▸ **Task prompt**
Every line of the data should be written out exactly, with the pictures left out.

▸ **The data**
══════════
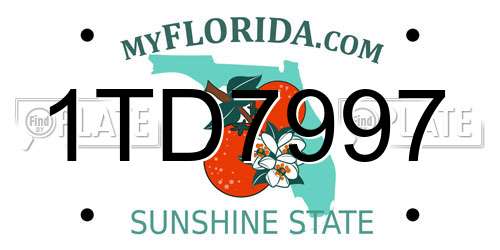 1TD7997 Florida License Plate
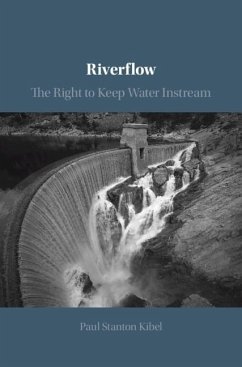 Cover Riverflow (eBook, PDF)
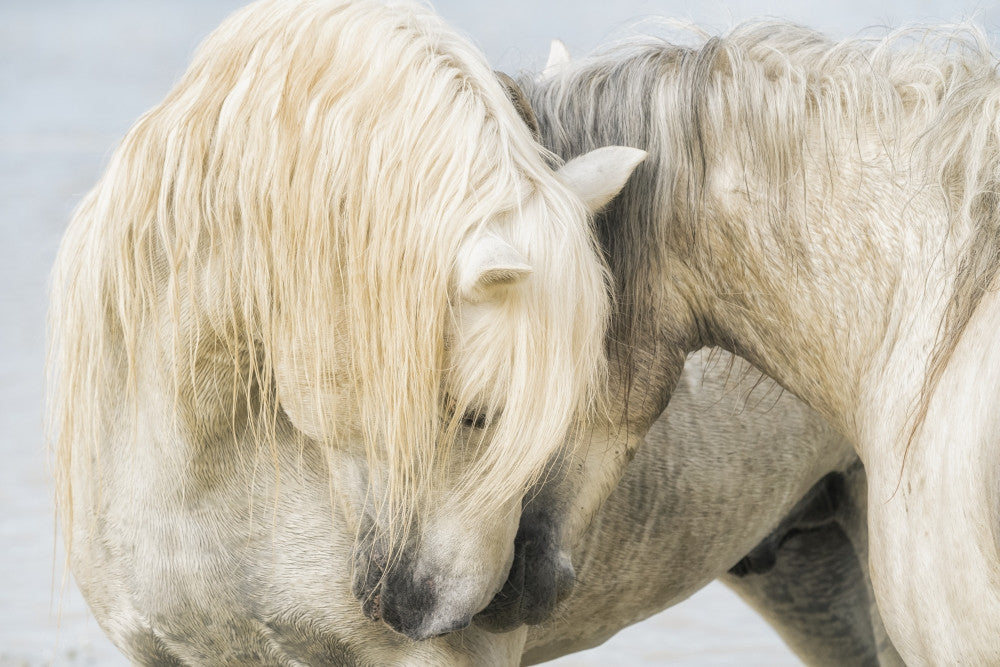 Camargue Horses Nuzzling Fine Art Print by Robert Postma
══════════
▸ **Result of this task**
 1TD7997 Florida License Plate
 Cover Riverflow (eBook, PDF)
 Camargue Horses Nuzzling Fine Art Print by Robert Postma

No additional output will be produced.